15:06dysfunas always, check your input
15:06justin_smithRedNifre: there's room for intellegent developers to disagree there.
15:07justin_smithit's also a bunch of work done for a small benefit, creating a whole mess of keywords which takes more time than parsing the json does, just so you can use one or two of them in pretty code.
15:08RedNifreI'm a clojure beginner so I don't see the problem with turning JSON objects into clojure dictionaries where the keys are keywords, please enlighten me :)
15:08dysfunrage against the machine, justin_smith
15:08justin_smithRedNifre: because there are valid json keys that are not valid clojure keywords, and generating all the keywords takes more time then parsing the json does
15:09justin_smithbut like I said, there's room for intelligent developers to disagree here, so whatever
15:09tolstoyRedNifre: For me, anyway, the only problem with keywording json docs is when doing so is more than just a flag on your converter.
15:09dysfundamnit, i was just making popcorn
15:10RedNifreNah, I agree that it's bad if there are JSON keys that aren't valid keywords. That's why I qualified it "when you are sure"
15:10tolstoyRedNifre: Like undoing CamelCase to camel-case, etc, etc.
15:10dysfuntolstoy: camel-snake-kebab
15:12RedNifreWhy does clojure use the dash style instead of camel case?
15:12dysfunbecause it's easier on the eyes
15:12justin_smithRedNifre: historical reasons, and we think it's more readable
15:13tolstoyIMHO, because it's easier to read, but also because it can. No "infix" notation.
15:13tolstoyfoo-bar doesn't mean foo minus bar.
15:13dysfunthe range of characters allowed in symbols helps make clojure very readable
15:13justin_smithRedNifre: LISP was originally meant to be a parsed internal representation that programmers would not use directly, so it doesn't really support much syntax
15:14justin_smithand we borrow heavily from that tradition
15:14RedNifrePersonally I find it harder to read because the dash looks more like a space than a camel case capital letter does but maybe I just need a font with thicker dashes.
15:14justin_smithRedNifre: or it could be you are used to languages where - is not word-constituent?
15:14tolstoyMy issue with CamelCase is its easy to FatFInger.
15:15justin_smithI find it kind of headache-inducing to read
15:15justin_smithit's telling that we don't write that HeadacheInducing
15:15dysfunjustin_smith: i use camelcase for protocols and records. feel sick yet? :p
15:16justin_smithdysfun: that's where camelcase is expected
15:16justin_smithdysfun: since you are naming java classes
15:16justin_smithanything else would be annoying actually
15:16dysfundamnit, you're supposed to disapprove
15:16RedNifre(a-b c d-e-f g h) vs (aB c dEF gH) it's easier for me to see that the second list contains 4 things but you're right, it could be a habit.
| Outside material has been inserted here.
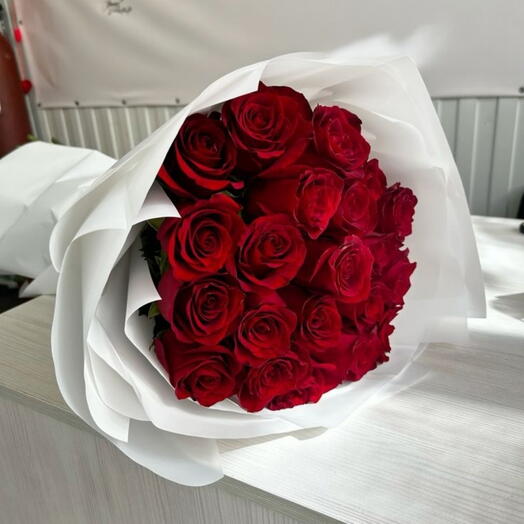 Премиальный и роскошный букет из 20 красных роз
15:17justin_smiththe first one contains 5 things
15:17dysfunexcept they're rarely two characters long
15:17sdegutisjustin_smith: what do you think of this idea?
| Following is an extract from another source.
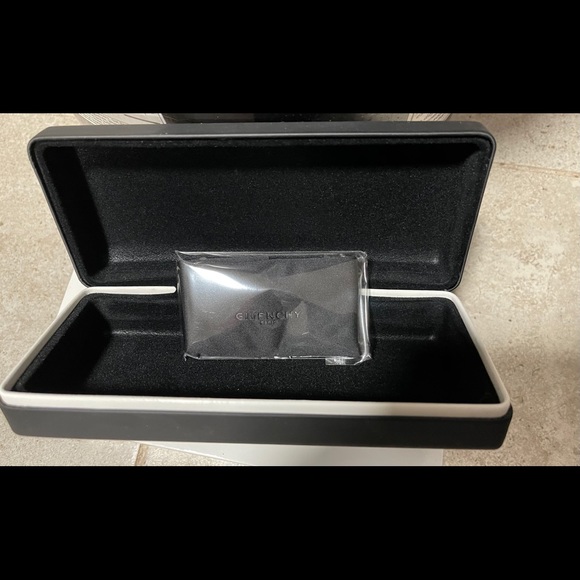 NEW Givenchy Black Sunglass Case - Picture 10 of 11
15:17dysfunreal-world example i'm writing just now. PassLocked vs pass-locked
15:18sdegutis(ns myapp.routes.order.orderid%) (defn invoice [request] ...) ;; becomes "/order/:orderid/invoice"
15:19sdegutisOr how about (ns myapp.routes.order) (defn orderid%invoice [request] ...)
15:19justin_smithsdegutis: I don't like it at all!
15:20sdegutisWhy not?
15:20justin_smithmagic
15:20sdegutisIt wouldn't be dynamically found out. It would be, you'd have 'myapp.routes.order in your list of routes, which finds the namespace object and gets the info from that.
15:20dysfunyeah but it's specialcase for things that followed the expected rest routing
15:20justin_smithsdegutis: that's still magic
15:21dysfunand you always get edge cases in real world systems
15:21sdegutisIt just feels too repetitive though, to always type (ANY "/order/:orderid/invoice" [request] ...) when I'm already in the myapp.routes.order namespace.
15:21justin_smithwould creating the route automatically require?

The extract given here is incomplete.